### WHAT IS REQUIRED
Write back, word for word, the lines from the one containing "street view of homes in Southesast MHC" to the end of the listing below. Include nothing else, and no pictures.

### MATERIAL PROVIDED
• • • •

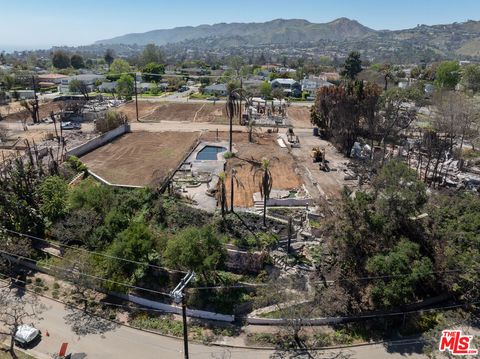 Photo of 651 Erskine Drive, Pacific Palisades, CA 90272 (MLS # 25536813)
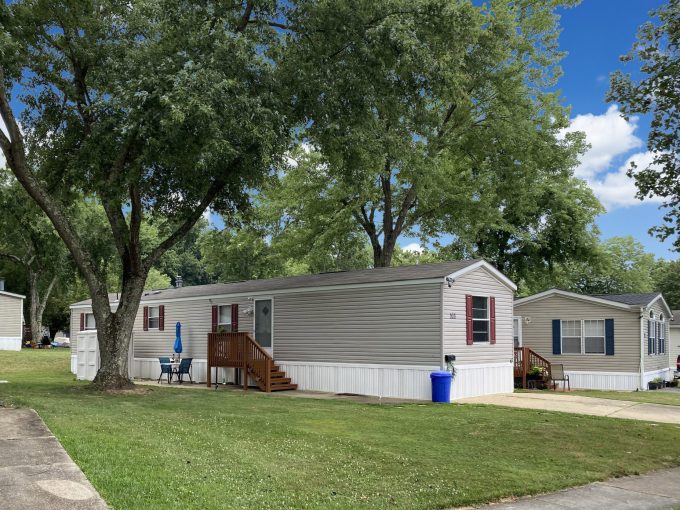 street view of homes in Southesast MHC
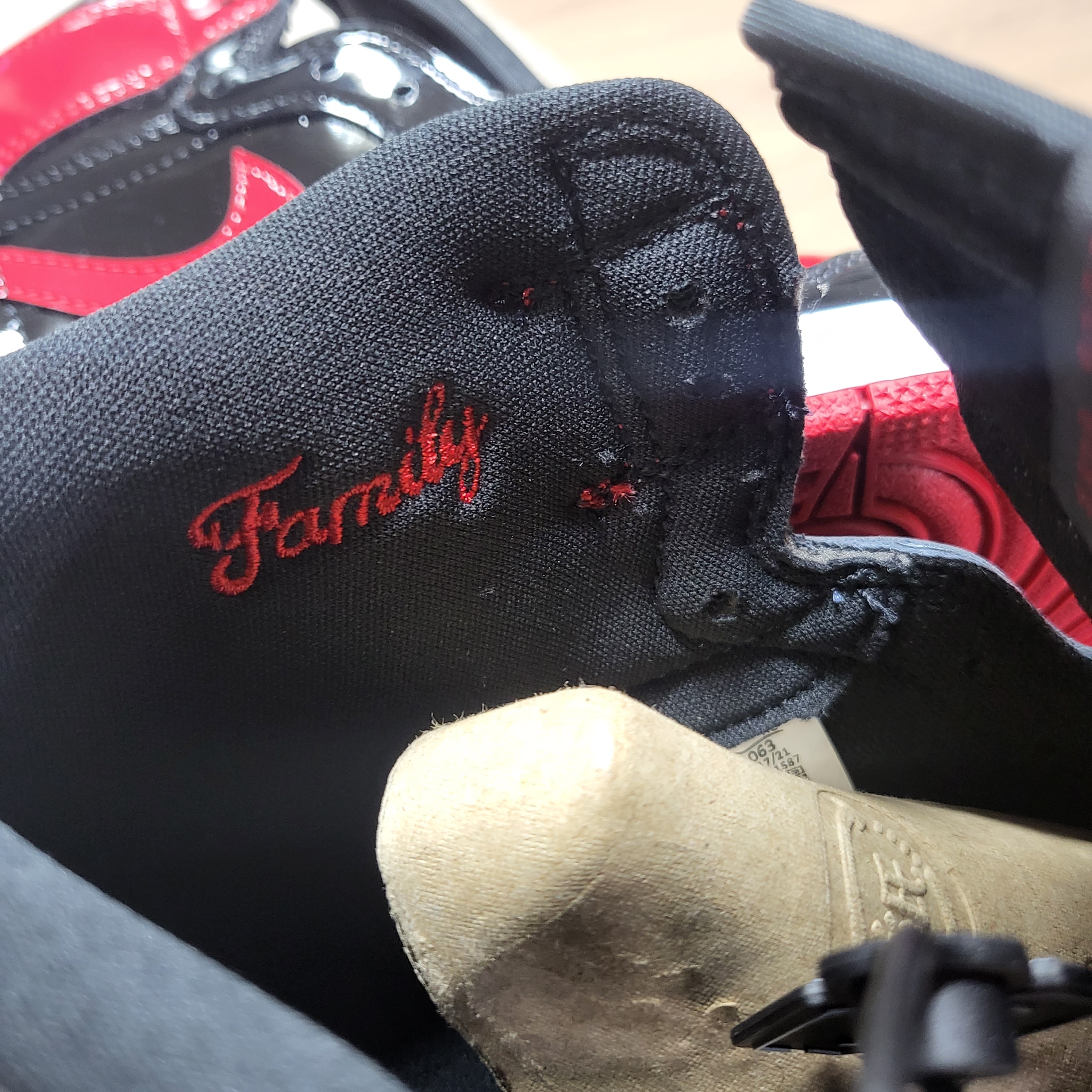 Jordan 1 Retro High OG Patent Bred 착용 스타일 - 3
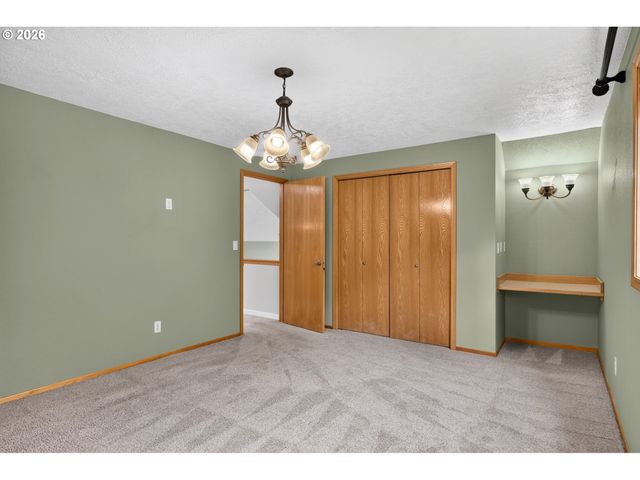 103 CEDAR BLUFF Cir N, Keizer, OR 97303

• • • •

### SOLUTION FOR THIS EXERCISE
 street view of homes in Southesast MHC
 Jordan 1 Retro High OG Patent Bred 착용 스타일 - 3
 103 CEDAR BLUFF Cir N, Keizer, OR 97303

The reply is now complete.